> _Task details_: Output each record below exactly as it stands, leaving out the pictures.

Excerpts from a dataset
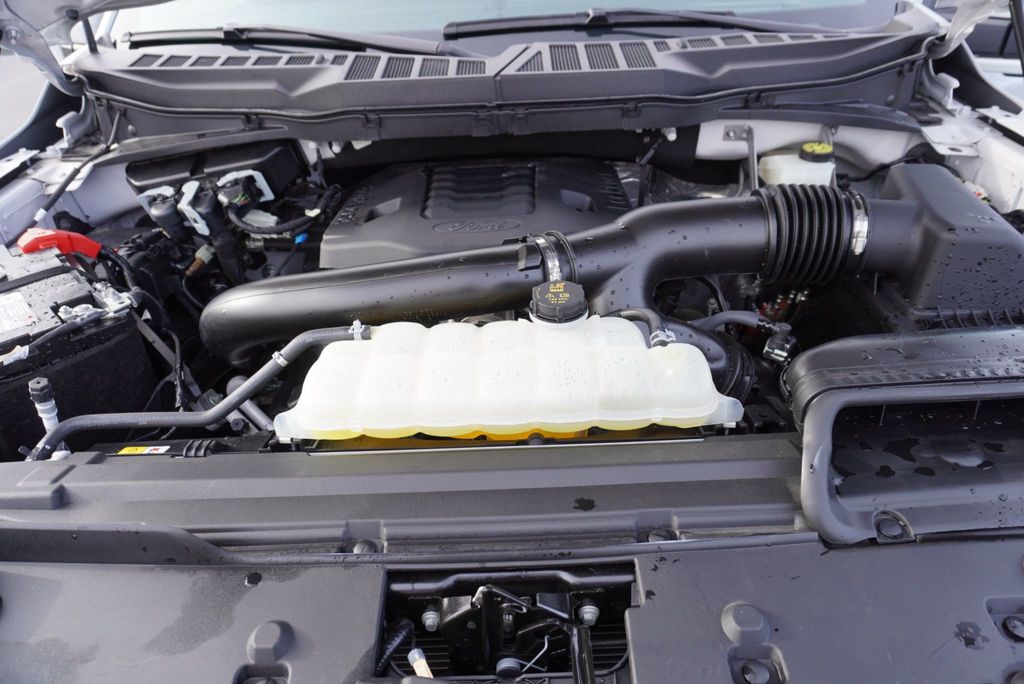 2024 Ford F-150 LARIAT - 22953177 - 50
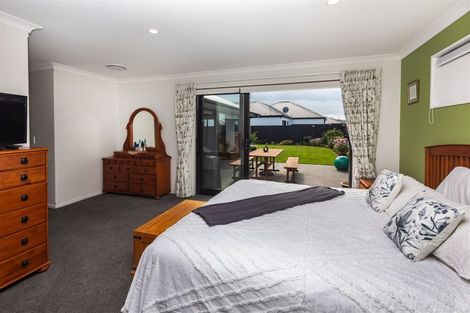 Photo of property in 123 Prestons Park Drive, Marshland, Christchurch, 8083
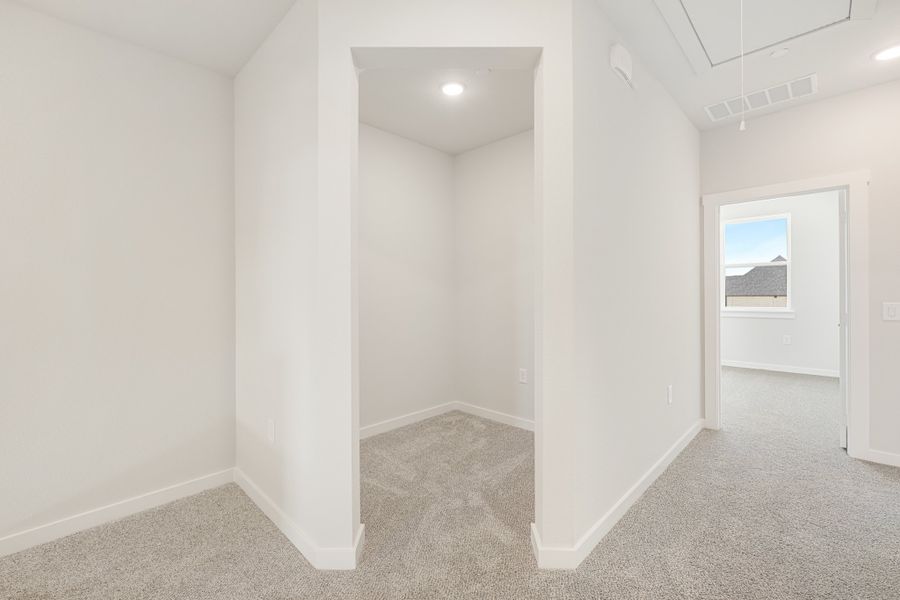 Spacious, unfurnished interior of a new home in Wildridge, Oak Point (Image 38). Spacious, unfurnished interior of a new home in Wildridge, Oak Point (Image 38).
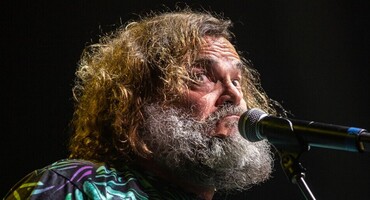 Náhledový obrázek k článku Jack Black míří do filmové verze Minecraftu. V rockové vypalovačce spojil síly s Davem Grohlem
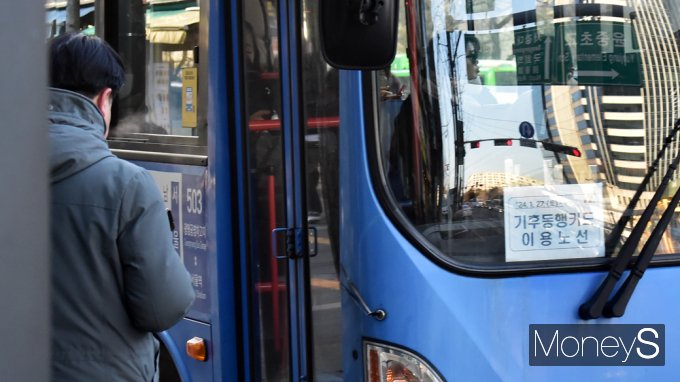 ▲ 27일부터 서울 시내버스도 기후동행카드 이용가능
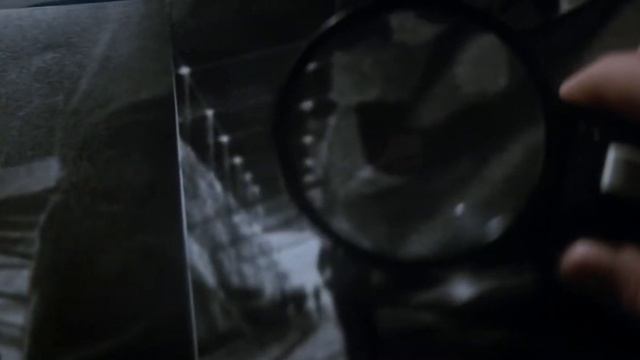 The Hunt For Red October - Naval Shipyards - Caterpillar (1990) смотреть онлайн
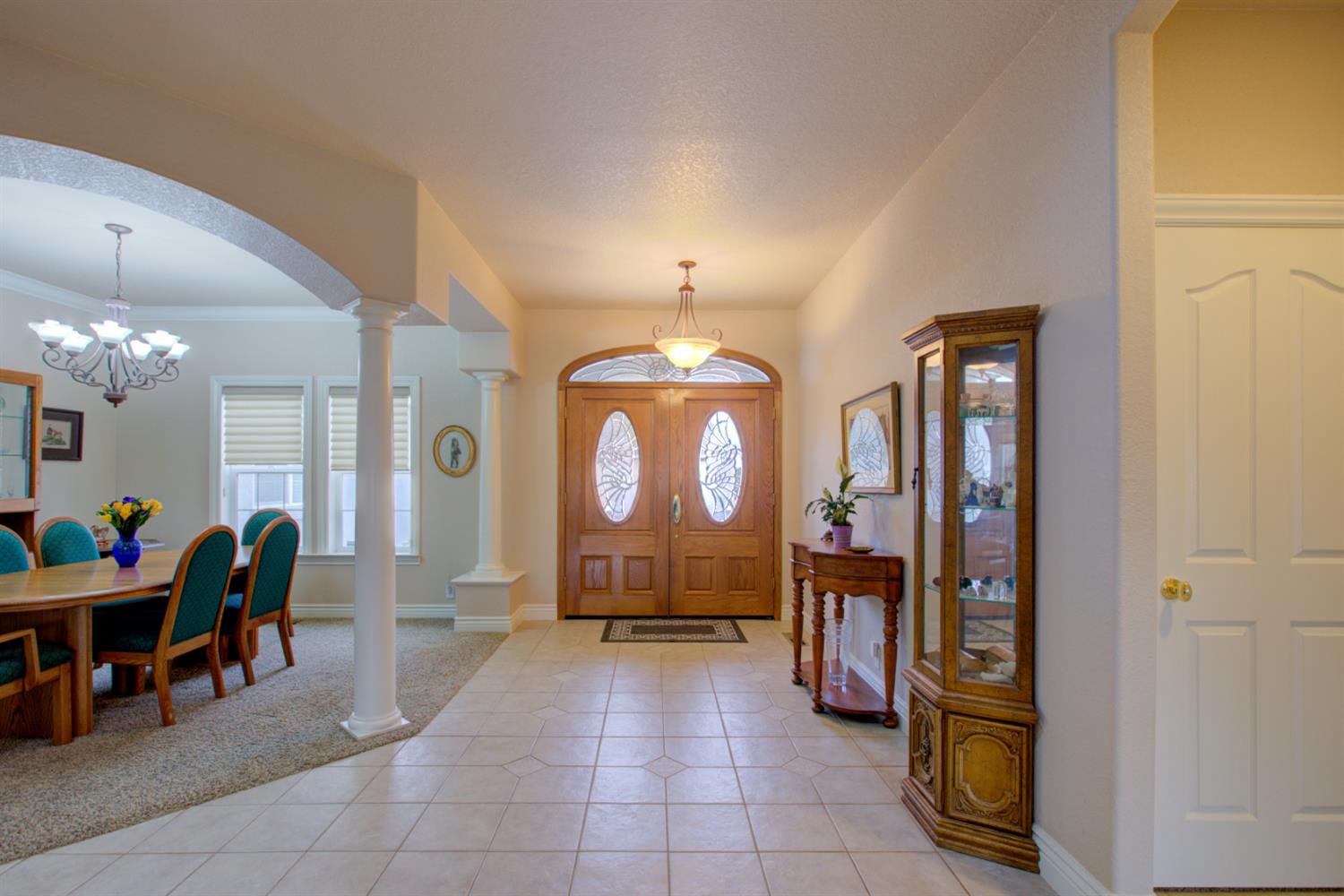 18413 Sycamore Ave, Patterson, CA 95363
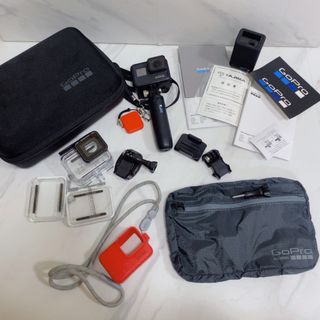 ゴープロ(GoPro)のGoPro HERO7 ブラック（純正アクセサリー各種セット）(コンパクトデジタルカメラ)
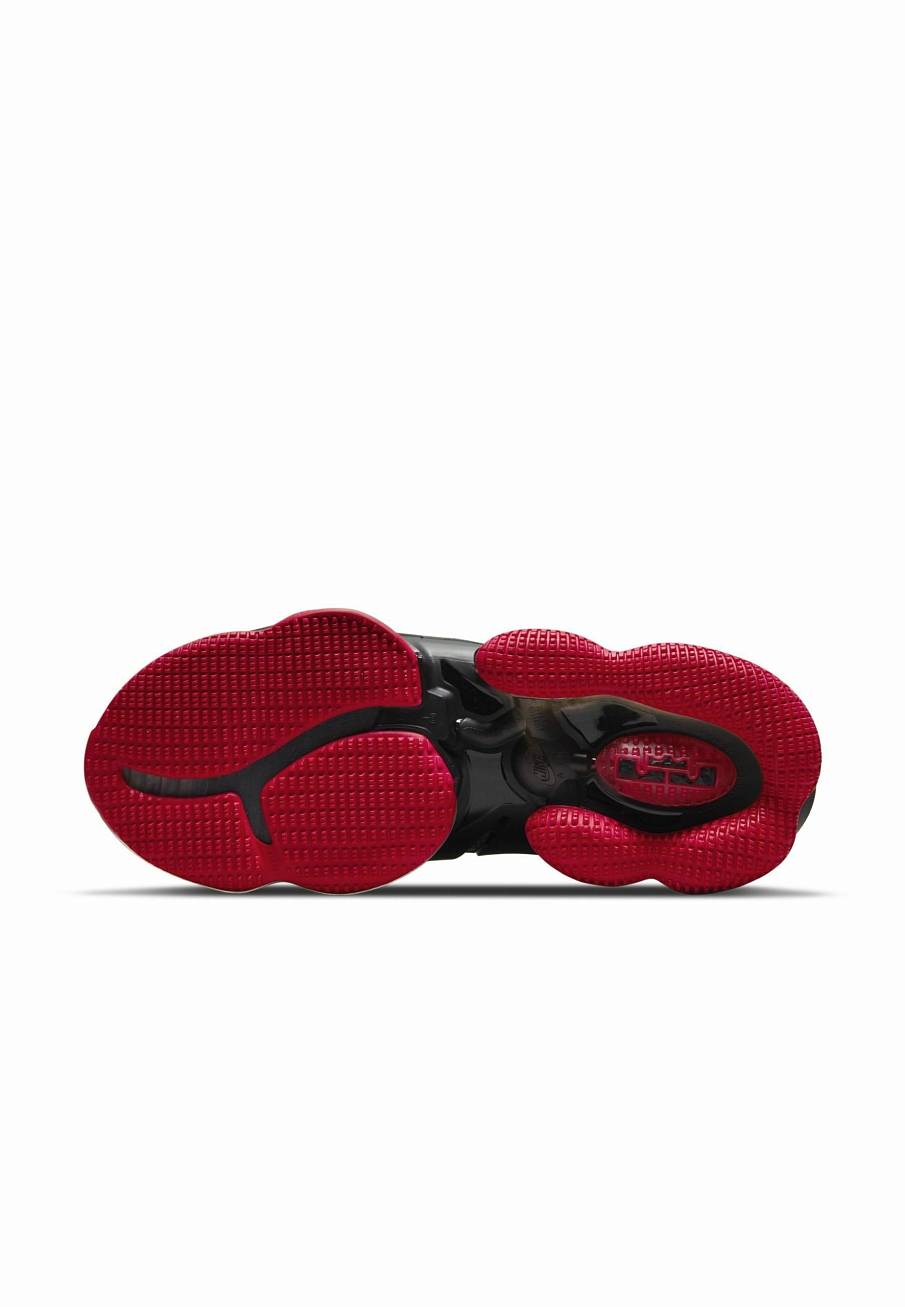 Фото № 5 с приближением к товару «‎Nike Lebron»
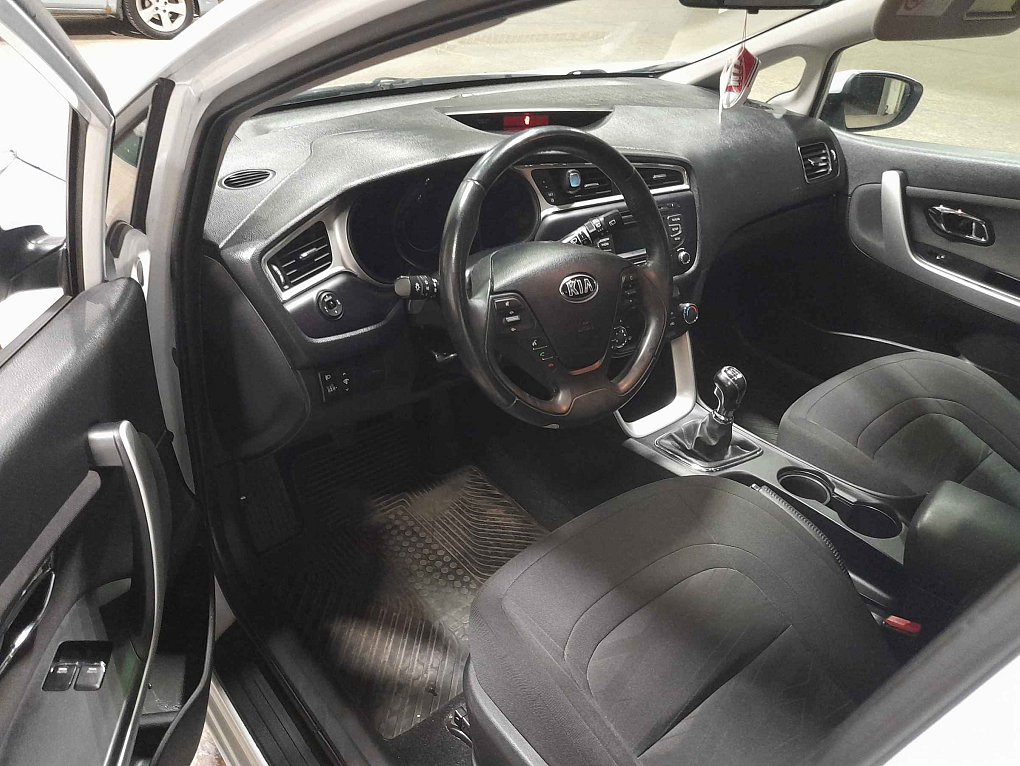 Kia Ceed 1.6 GDi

> _Response box_:
 2024 Ford F-150 LARIAT - 22953177 - 50
 Photo of property in 123 Prestons Park Drive, Marshland, Christchurch, 8083
 Spacious, unfurnished interior of a new home in Wildridge, Oak Point (Image 38). Spacious, unfurnished interior of a new home in Wildridge, Oak Point (Image 38).
 Náhledový obrázek k článku Jack Black míří do filmové verze Minecraftu. V rockové vypalovačce spojil síly s Davem Grohlem
 ▲ 27일부터 서울 시내버스도 기후동행카드 이용가능
 The Hunt For Red October - Naval Shipyards - Caterpillar (1990) смотреть онлайн
 18413 Sycamore Ave, Patterson, CA 95363
 ゴープロ(GoPro)のGoPro HERO7 ブラック（純正アクセサリー各種セット）(コンパクトデジタルカメラ)
 Фото № 5 с приближением к товару «‎Nike Lebron»
 Kia Ceed 1.6 GDi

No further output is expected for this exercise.